L'égalité au sein d'une classe d'âge est un substitut d'égalité, soit, mais c'est déjà ça. Il faudrait donc au moins respecter celui-ci à défaut de respecter le vrai principe d'Egalité.

Alors dans les faits?

En 1996, lorsque la professionnalisation des armées et la réforme du Service National avaient été annoncées, de nombreuses réflexions ont été menées.

Il y avait alors unanimité sur ses dérives et la difficulté de plus en plus grande qu'il avait à respecter ses propres principes fondateurs.

Chacun y allait de son petit mot pour dénoncer ces dérives: «Ses principes fondateurs, l'universalité et l'égalité, sont chaque jour moins respectés.» [35], il y a «des inégalités réelles devant l'obligation», ou encore, "[L'équité], reconnaissons-le, n'a pas toujours été la caractéristique la plus assurée de l'application de la conscription ces dernières années» [36] etc.

En clair: même au sein d'une classe d'âge, il n'y a pas d'égalité du tout!

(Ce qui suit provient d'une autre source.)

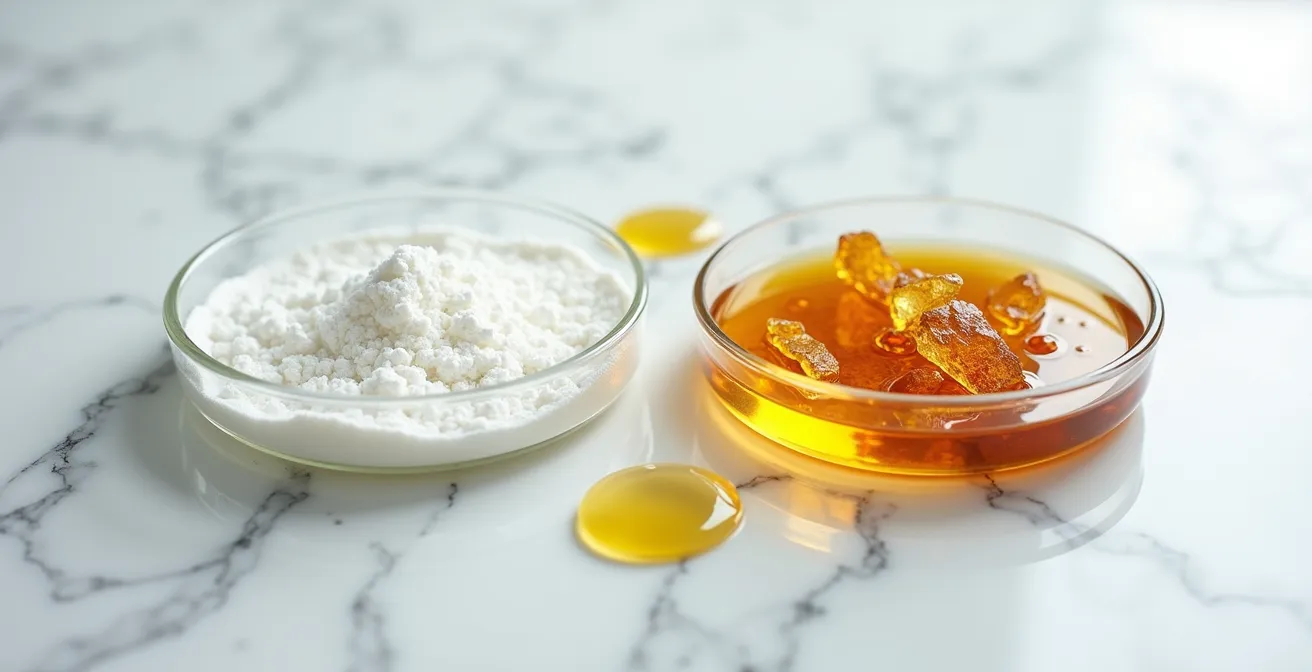 Comparaison visuelle entre l'action de l'isolat de CBD et d'un produit broad spectrum sur les récepteurs de la peau.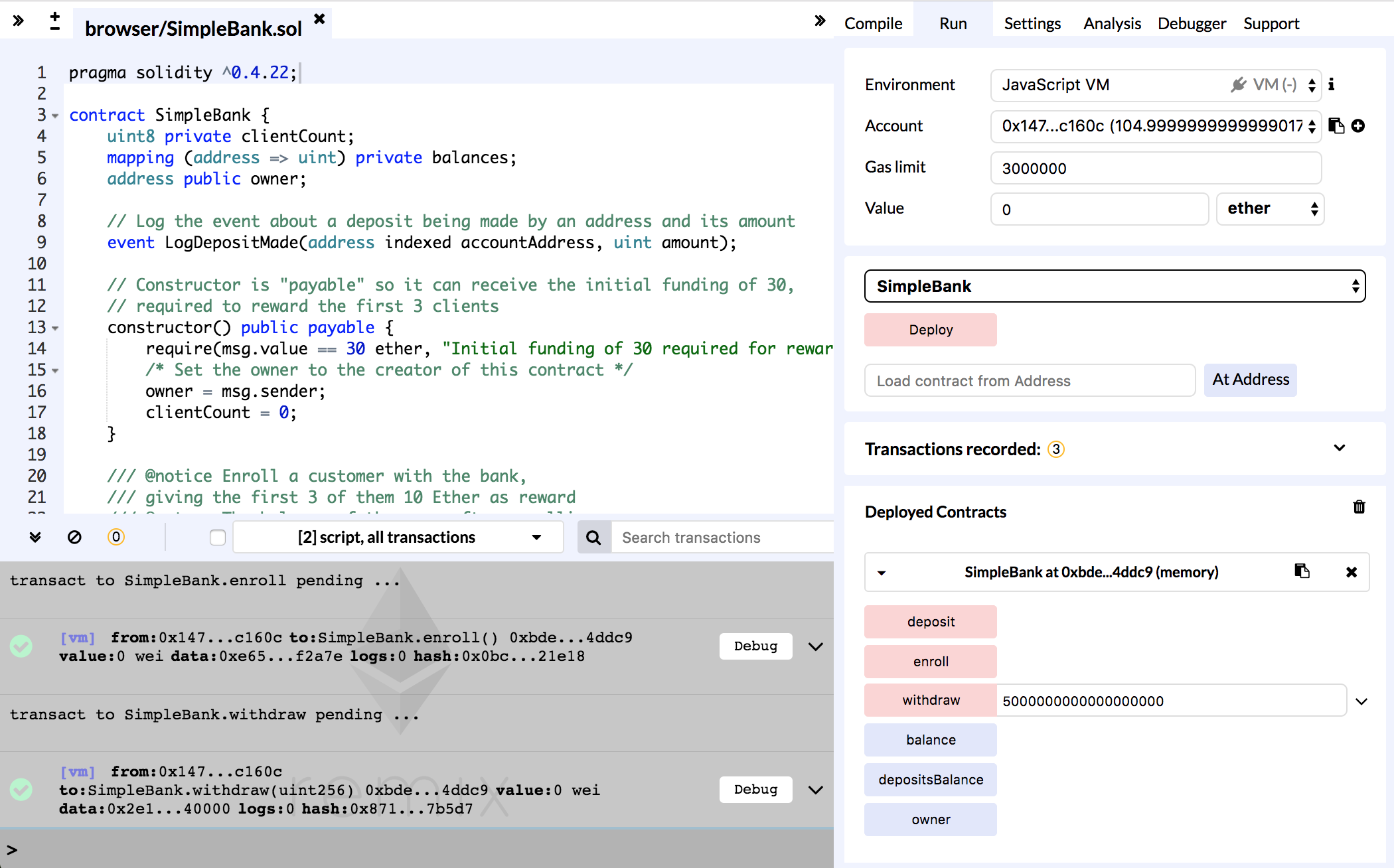 Remix SimpleBank Withdrawal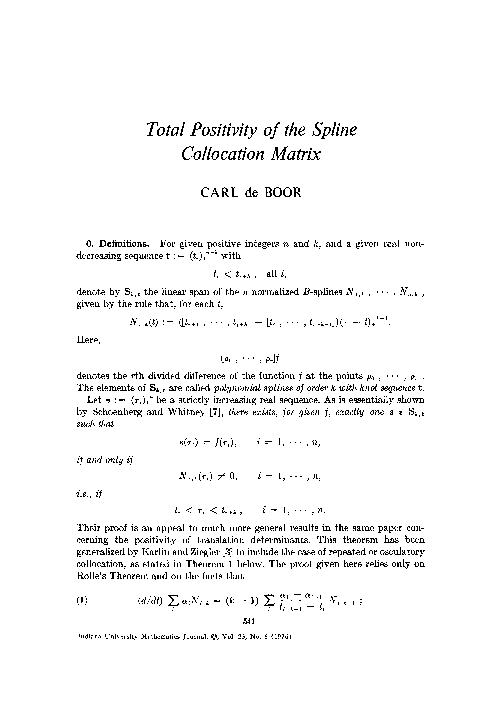 (PDF) Total Positive of the Spine Collocation Matrix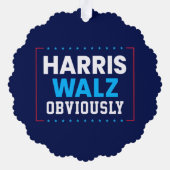 Harris Walz 2024 natuurlijk Ornament Kaart (Achterkant)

Les rapports parlementaires, les mêmes que ceux ayant provoqué le récent scandale sur les prisons, sont eux aussi très clairs: «Le constat effectué dans la première partie de ce rapport montre le caractère profondément inégalitaire du service national tel qu'il existe actuellement", "Le développement de certaines formes civiles du service national a même fait, paradoxalement, de celui-ci un des exemples les plus achevés de l'inégalité sociale...» [SEG96].

Enfin, d'autres ouvrages font le même constat: «Les profondes inégalités qui gangrènent le Service National ne sont jamais que le reflet des inégalités et des fractures de toutes sortes qui divisent la société française» [QSJ, p92]

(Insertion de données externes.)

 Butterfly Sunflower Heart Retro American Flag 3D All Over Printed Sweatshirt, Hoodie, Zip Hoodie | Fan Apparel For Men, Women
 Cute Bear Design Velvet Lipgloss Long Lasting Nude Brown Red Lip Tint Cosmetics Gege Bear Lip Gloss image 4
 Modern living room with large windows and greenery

On pourrait en citer des pages entières.

Non seulement, il n'y a pas d'égalité au sein des classes d'âge, mais en plus, les inégalités constatées sont favorables au gens déjà favorisés par ailleurs ! Où l'on est tenté de parler de fracture sociale...

Cette déclaration de Jacques Boyon, faites peu après qu'il ait quitté ses fonctions de secrétaire d'Etat à la Défense en 1989, résume bien le jeu auquel on joue aujourd'hui: «le service national n'est plus égalitaire. On essaie de démontrer qu'il est égalitaire. J'ai moi-même essayé de le démontrer pendant deux ans. Je dois dire que je n'étais pas très convaincu de ce que je disais moi-même.» [37].

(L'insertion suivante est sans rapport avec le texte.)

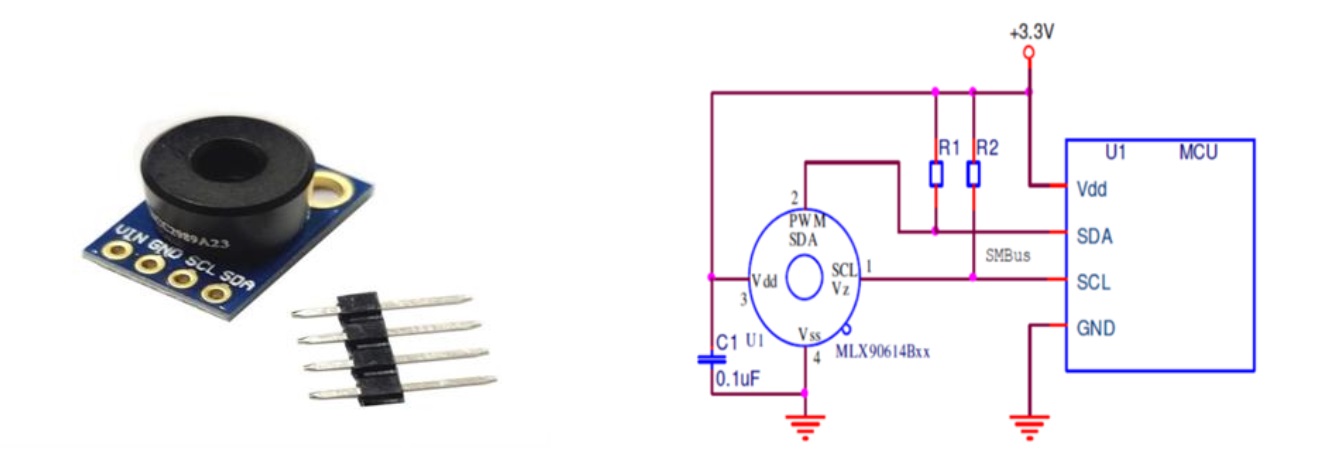 The temperature sensor (a) MLX90614 BCC and (b) connection to the microcontroller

Si, déjà en 1989, le secrétaire d'Etat à le Défense reconnaissait avoir menti pendant deux ans (car il s'agit bien de cela !), que penser de tous les discours que l'on nous tient et où l'on essaie de montrer qu'il y a encore quelque part, en cherchant bien, un principe d'égalité à respecter?

Essayer de démontrer qu'il y a encore de l'égalité quelque part, alors qu'ils n'y croient pas eux mêmes, c'est exactement ce que font aujourd'hui nos responsables politiques, usant d'artifices qui font sursauter: égalité au sein des classe d'âge, égalité devant l'obligation (ça ne veut rien dire, mais ça sonne très bien) [38] etc.

Du livre blanc de 94 aux récentes déclarations de certains, en passant par tous les rapports parlementaires, tous les ouvrages ou études effectuées sur le service national, le constat est unanime: l'égalité n'existe plus. Mais on continue d'essayer de le faire croire.


 Transitions et accentuation des inégalités

Avec la professionnalisation et sa période de transition, les inégalités s'additionnent à n'en plus finir: rupture du principe constitutionnel d'égalité, accentuation de toutes les inégalités constatées il y a déjà des années dans la mise en oeuvre de la conscription, inégalités nouvelles...

Ces problèmes ajoutés par la transition ont été la source de grandes inquiétudes pour ceux qui y attachent une importance, et elles ont fait l'objet de multiples avertissements [39], notamment de la part de la mission d'information de l'Assemblée Nationale:

«Enfin, [la mission] a formulé les réserves les plus formelles tant sur la durée que sur les modalités de la période de transition de six années entre le service national actuel et ses formes nouvelles. [...] Il en résultera des inégalités de traitement qui ne sont que trop aisément prévisibles et que la disparition programmée du service militaire ne fera qu'aviver. Il a donc semblé à la mission que ces perspectives devraient logiquement conduire à une réduction de la période de transition.» [SEG96]

Ce n'est pas compliqué à comprendre: l'armée ne souhaite incorporer qu'environ 50% des sursitaires. Partant de là, comment les sélectionne-t-elle? Aucun critère précis n'a été défini, afin, justement, de pouvoir continuer officiellement à maintenir l'illusion.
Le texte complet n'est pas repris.